In a delightful
act of cheek last Saturday, the day before the Finland- Sweden Olympic hockey
final, Sweden's top-selling tabloid, Expressen, invited Finns to become Swedish
citizens so that they could take part in a gold medal hockey celebration
scheduled for the next day. Expressen provided a convenient link that would
enable users to download Sweden's immigration form. This would have been, as it
turned out, the only time any form held in a wild Olympic hockey tournament. In
Turin's Nordic Combined, Indoor Division, Sweden did indeed edge Finland, 3-2,
in a tightly played match not quite as good as its backstory.

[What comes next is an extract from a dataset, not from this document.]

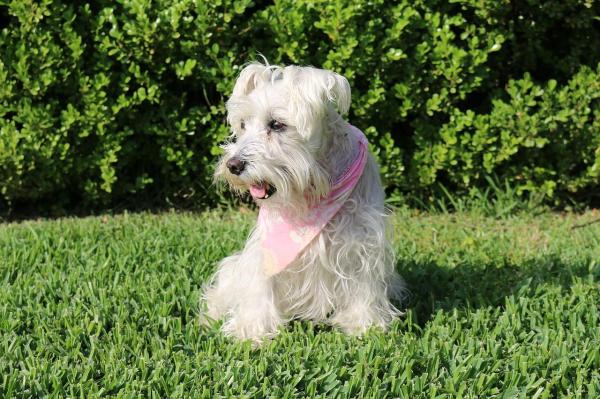 Lista de las mejores razas de perros pequeños: 13. Schnauzer miniatura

The third, and probably penultimate, Olympic tournament with NHL players--the
grueling eight-games-in-12-days schedule, and its disruption to the NHL season,
has made league officials loath to commit beyond the conveniently located 2010
Games in Vancouver--had it all: prominent players going for MRIs and North
American teams going MIA; a post-game vivisection of USA Hockey; an
all-tournament defenseman named Kenny Jonsson who plays with gardeners and real
estate agents in the Swedish Second Division; and a dream final ... at least if
you dream in a language with dots over the vowels. As Swedish and Finnish
players patiently explained to sportswriters who get Duke-Carolina but are a
little fuzzy on Scandinavian Smackdown, this was Big Brother ( Sweden) against
Little Brother ( Finland), with all the requisite complexes.
One problem was
that Little Brother had to stay up past his bedtime to get to the final. The
undermanned Finns, impeccable for seven games, played the final on leaden legs.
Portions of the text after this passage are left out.